Desde o começo dessa onda, a patuléia não entendeu direito o que leu... ou se entendeu, resolveu mudar a história talvez para deixar a coisa mais interessante... mais atraente - coisa de marketeiro! Nem o "elegante" Terceira Via" pegou tanto quanto o famigerado "Neoliberal".
Como ensinou Paul Hugon na sua "História das Doutrinas Econômicas", neoliberalismo, na verdade, é aquela doutrina que prega a prática de um Estado interventor e regulador, justamente o oposto desta praticada pelo hegemônico sistema dos ianques do norte (os estadosunidenses, mas com culpa também no cartório da humanidade aqueles outros mais ao leste, chamados reinos-unidenses), e por conseguinte seguida por todo o mundis novus, e assim também adotada pelo país das terras brasilis - também conhecido como pindorama, terra do brasil, ou só brasil minúsculo, já que exime respeito.
De volta à tal doutrina, a tal ideologia reacionária que visava reformar o capitalismo global para fazê-lo voltar aos tempos do capitalismo liberal do século XIX deveria chamar-se sim Liberalismo de Mercado - se muito.
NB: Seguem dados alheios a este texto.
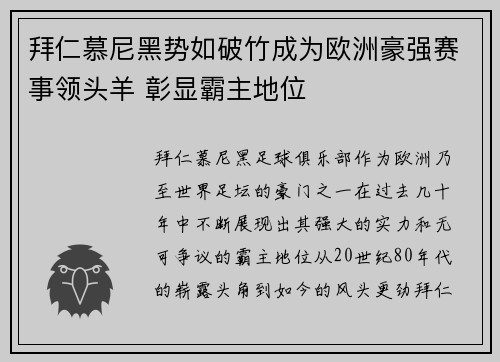 拜仁慕尼黑势如破竹成为欧洲豪强赛事领头羊 彰显霸主地位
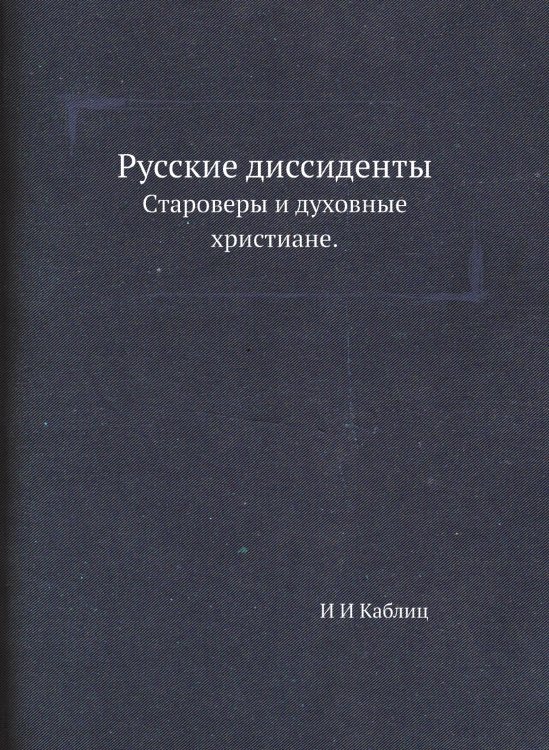 Русские диссиденты
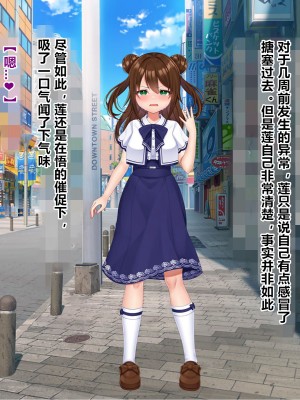 [なちゅらる彼女 (夜月)] 魔法少女ピュアフル・ラチア -幼妻の寝取られ変身セックス- [村长个人汉化]_131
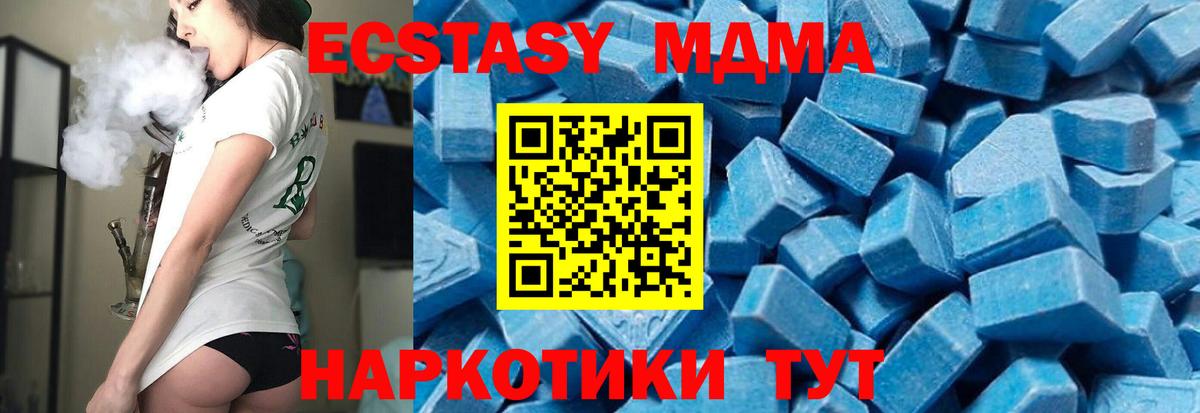 Мелеуз  МДМА кристаллы  MDMA кристаллы  МДМА  Вход с VPN 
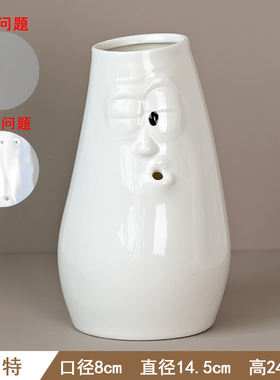 白色人脸瑕疵陶瓷花瓶 二级品微瑕花瓶陶瓷  外贸单尾货清仓处理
Não passa (ou passou) de uma releitura (nada se perde, tudo se transforma) do chamado Liberalismo Clássico, doutrina do pensamento econômico que teve seu auge em meados do século XVIII, nas idéias de Hume, Smith e Kant.
Nos tempos de pós-graduação em Comunicação Social, costumávamos brigar muito pelas má-interpretações da história. Por fim elas ganharam popularidade mesmo, pois de tanto se bater na tecla - simplesmente trocaram os nomes das coisas! - o que sempre fora preto passou a chamar-se branco, e o que sempre fora branco passou a chamar-se preto.
Longe da discussão se o neoliberalismo - ou como quer que se chame esta doutrina econômica - morreu ou não, temos José Saramago, em seu recluso retiro na Ilhas de Lanzarote, chorando noutro enterro que deveríamos nos preocupar muito mais: o da Justiça, que já anda falecida há muito.
E não só a Justiça, clama ele, que já sabemos morta há tempos, mas também a Democracia, esta milenária senhora sofisticadíssima que anda tão em baixa, ingenuamente criada por uns atenienses mais ingênuos ainda, sob o lema
do povo, pelo povo, para o povo... puro dislate!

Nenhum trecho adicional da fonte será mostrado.